THE BLOG

All Access Pass to War

08/22/2010 11:00 pm ET | Updated May 25, 2011

A few months ago, I heard about a book that was to be released soon, titled War. Written by Sebastian Junger, I was interested at first because I had always admired his work in Vanity Fair, but what really intrigued me was the backstory behind the book. Junger embarked on several trips to Afghanistan over the course of 14 months, where he was embedded with troops in the Korengal Valley. At the time, it was known as the most remote outpost in existence. The area was also notorious for enduring the most brutal combat missions in the country.

I found War at a local DC bookstore and read it in about 3 days. As I was trying to sneak in the last 20 pages at work, my friend notified me that Sebastian Junger would be speaking about his book at another local bookstore the following day. The store was packed with media, other authors, doctors, psychiatrists, government officials and members of the military wearing full-on fatigue. It was a new sort of environment for me, to say the least, and I stayed until almost 11pm to pester Mr. Junger with questions after he had signed others' books.

Weeks later, I was back at the bookstore and War was unsurprisingly still on the bestsellers shelf. A man standing next to me picked it up and proceeded to start reading the inside flap. I suddenly blurted out, "That's the best book I've read all year." He laughed, perhaps at my bluntness. Then he turned and looked at me straight on -- he had one eye. We struck up a conversation and I discovered he was a soldier who knew some of the men in the 173rd Airborne brigade, the platoon Junger follows in his book.

What began as a chance encounter with the soldier developed into a passionate friendship. I was utterly fascinated by his stories -- he had been severely injured in Iraq in 2004 when he was hit in the chest with a rocket. It failed to detonate -- which would have been fatal -- but instead shattered, sending shards flying out through all different parts of his body, one being his eye.

A few days later, there was an advance screening of Restrepo at the National Geographic Society here in DC. Restrepo was filmed by Junger and British photojournalist Tim Hetherington during their time in the Korengal. It is a supplement to War, filmed exclusively from the perspectives of soldiers. I convinced the soldier to attend the screening of Restrepo with me. He was skeptical, saying he didn't need to watch movies about war; he'd already experienced it firsthand. But he came. He had to leave for the last half hour of the documentary. The intensity of some of the scenes wasn't something he was ready to revisit yet. Despite his earlier reluctance, the soldier thanked me for inviting him and admitted the documentary wasn't anything he expected. It was far better.

For me, mostly it was just raw. It left me trembling, dizzy and speechless. It was painfully honest with enough comic relief to remind the viewer that these young people are ordinary men risking their lives for extraordinary reasons.

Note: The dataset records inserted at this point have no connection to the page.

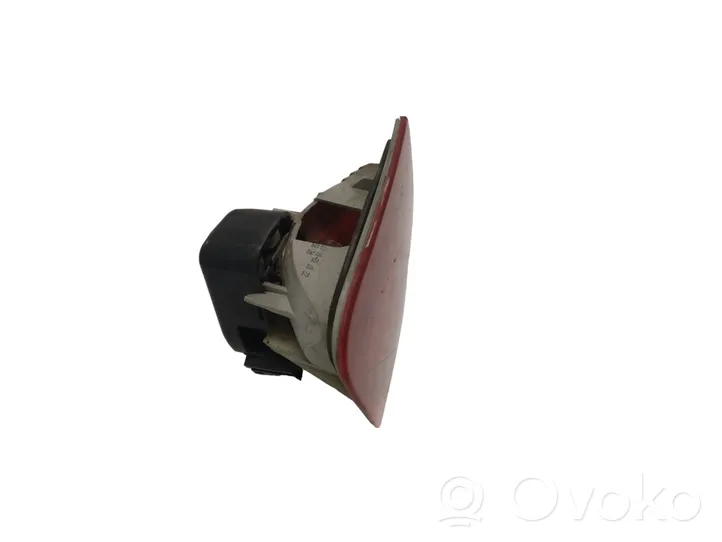 BMW 3 E46 Lampy tylnej klapy bagażnika 8368759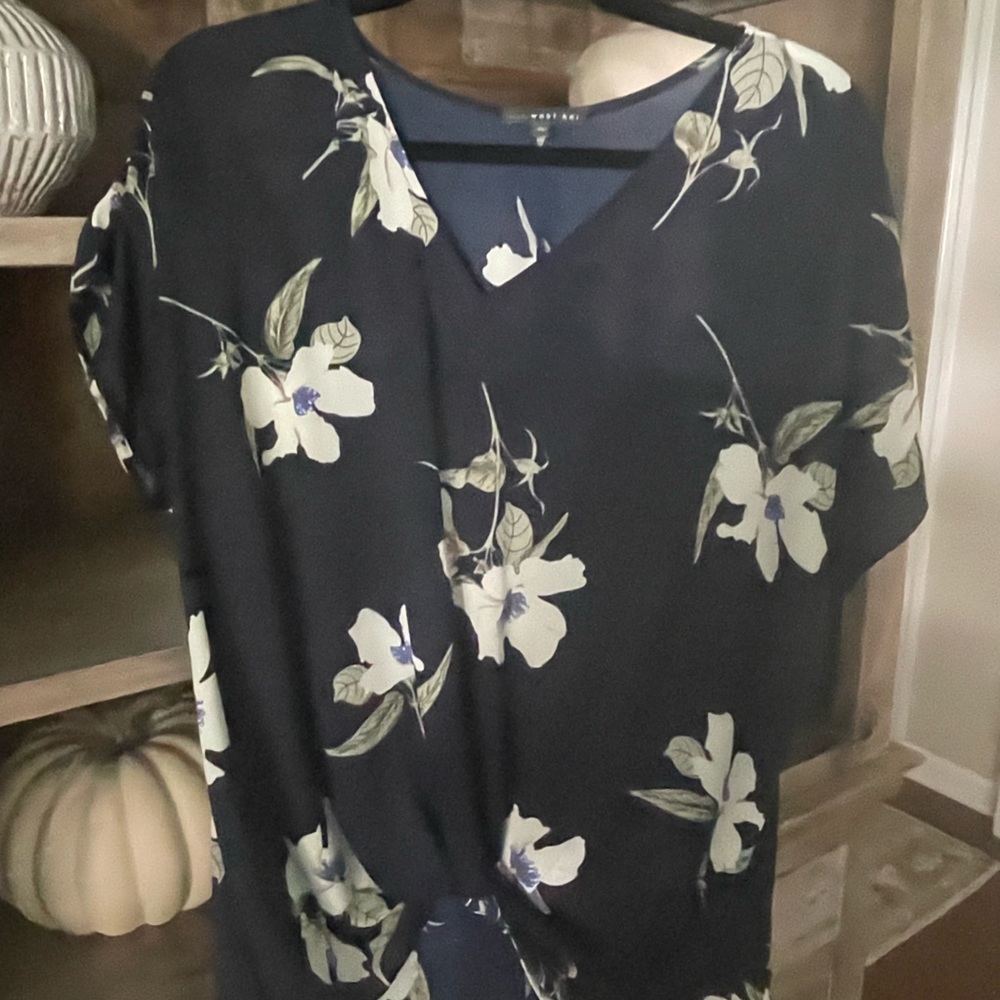West K floral blouse. Ruched front. Navy. XL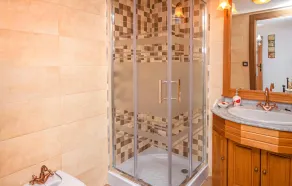 2 Bedroom Cozy Apartment In Monterio - Image 3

By ignoring politics, Junger and photojournalist Tim Hetherington allow the audience to form their own opinions and draw their own conclusions; most significant, they get people talking again. Restrepo invites previously absent conversation about our "forgotten war" that is Afghanistan.

Restrepo is literally documented history that our children will never watch in school or read about in textbooks. It depicts a side of humanity that can only attempt to be understood by listening to the brave men of Battle Company. For those who have never been deployed, or known anyone who has been deployed, this is as real as it gets. It is completely mesmerizing, utterly exhausting and emotionally draining. There is no preparing for the experience that is Restrepo.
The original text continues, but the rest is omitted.